Open-Access: This is an open-access article that was selected by an in-house editor and fully peer-reviewed by external reviewers. It is distributed in accordance with the Creative Commons Attribution Non Commercial (CC BY-NC 4.0) license, which permits others to distribute, remix, adapt, build upon this work non-commercially, and license their derivative works on different terms, provided the original work is properly cited and the use is non-commercial. See: http://creativecommons.org/licenses/by-nc/4.0/
Correspondence to: Jie Fang, MD, Attending Doctor, Department of General Medicine, Sir Run Run Shaw Hospital, Zhejiang University, 3 East Qingchun Road, Jianggan District, Hangzhou 310016, Zhejiang Province, China. 3415317@zju.edu.cn
Telephone: +86-571-86006617 Fax: +86-571-86044817
Received: August 8, 2018
Peer-review started: August 8, 2018
First decision: August 24, 2018
Revised: September 13, 2018
Accepted: October 11, 2018
Article in press: October 12, 2018
Published online: November 26, 2018
ARTICLE HIGHLIGHTS
Research background

Parastomal hernia (PSH) is a common complication following enterostomy.
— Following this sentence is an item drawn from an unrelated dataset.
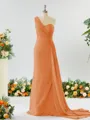 Sheath/Column Breathtaking One-Shoulder Chiffon Bridesmaid Dress With Slit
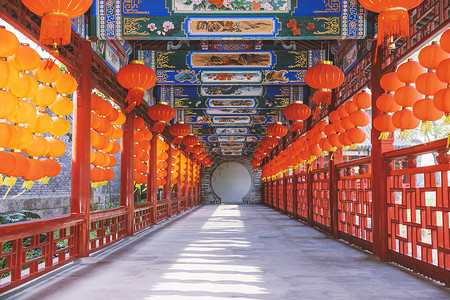 中国风长廊场景图片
The laparoscopic Sugarbaker technique has been shown to be the most effective method and is recommended by the International Endohernia Society. However, no consensus exists regarding the mesh selection procedure, the method of mesh fixation, and other operative technical details for this technique.

Research motivation

One of the technical details most difficult to determine during the laparoscopic Sugarbaker technique is a strategy for reliably fixing the mesh to construct a safe funnel. We applied a modified Sugarbaker technique to PSH in our center to try to reduce the technical difficulty.

Research objectives

To assess the safety and feasibility of the modified laparoscopic Sugarbaker repair in patients with PSH.

Research methods

A total of 8 patients received modified laparoscopic Sugarbaker hernia repair treatment. This modified technique included an innovative three-point anchoring and complete suturing technique to fix the mesh. Perioperative outcomes, including operative and postoperative complications, were collected to retrospectively evaluate the safety and efficacy of this modified technique.

Research results

All the hernias were repaired using the modified laparoscopic Sugarbaker technique with no conversion to laparotomy. The mean operative time was 205.6 min, and the mean postoperative hospitalization time was 10.4 d, with a median pain score of 1 (visual analog scale method) at postoperative day 1. Two patients experienced mild postoperative complications and recovered after conservative management. No recurrence occurred during the follow-up period.

Research conclusions

The modified laparoscopic Sugarbaker repair with three-point anchoring technique could fix the mesh reliably with mild postoperative pain and a low recurrence rate. The technique is safe and feasible for PSH.

Research perspectives

Our study demonstrates that the modified laparoscopic Sugarbaker repair is safe and efficient via three-point anchoring for PSH. Surgeons can use our method to repair PSH.